§ EXERCISE DATA:
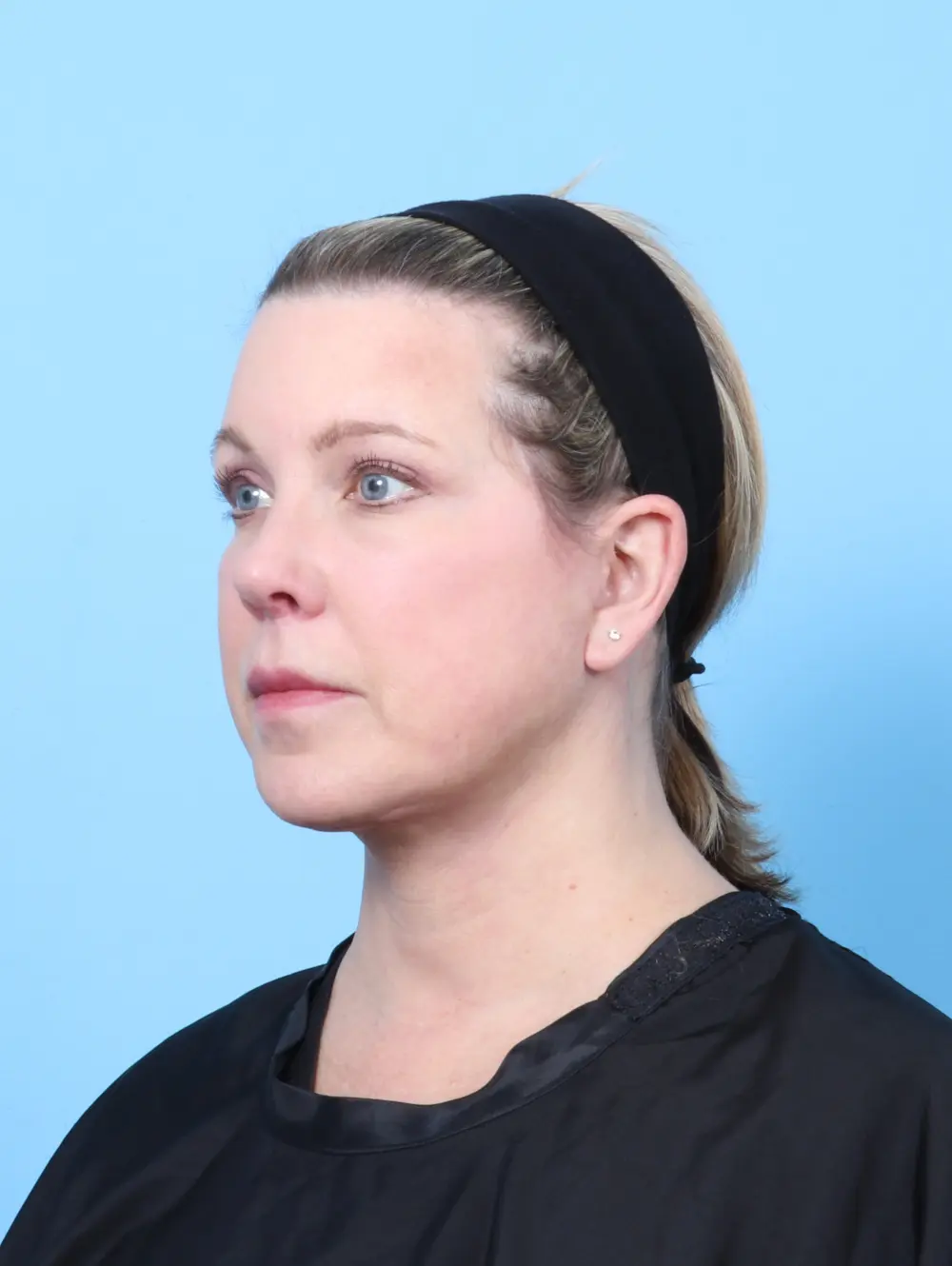 Bullhorn Lip Lift Patient Photo - Case 55407 - after view-1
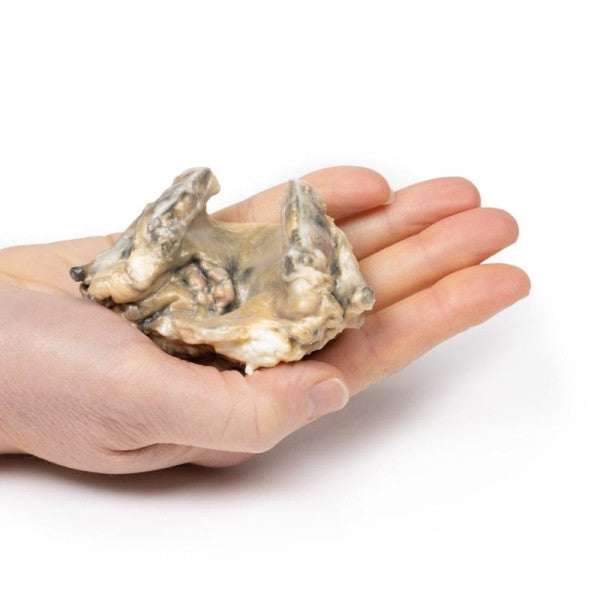 Carcinoma 3D Printed Anatomy Model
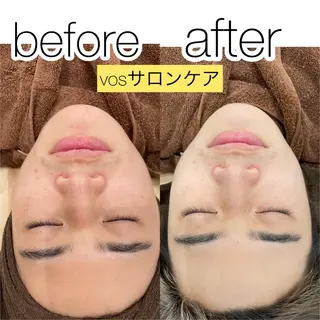 laluna saki...のその他イメージ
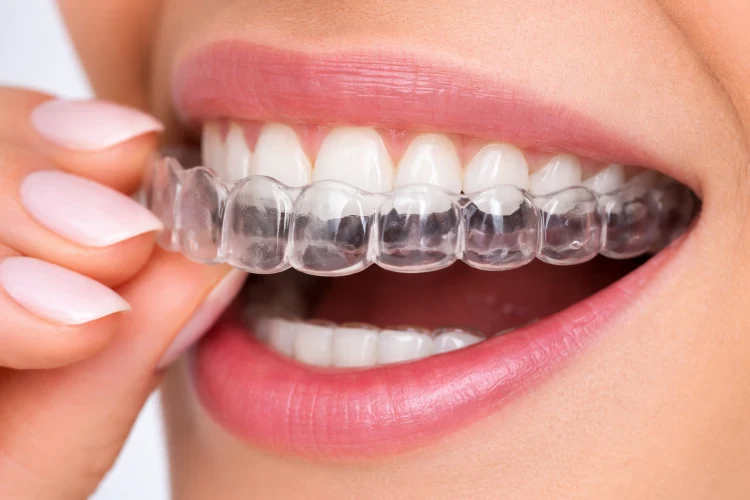 Teeth Aligners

§ WHAT TO PRODUCE: The data must come back word for word, with every picture removed.

§ COMPLETED TASK:
 Bullhorn Lip Lift Patient Photo - Case 55407 - after view-1
 Carcinoma 3D Printed Anatomy Model
 laluna saki...のその他イメージ
 Teeth Aligners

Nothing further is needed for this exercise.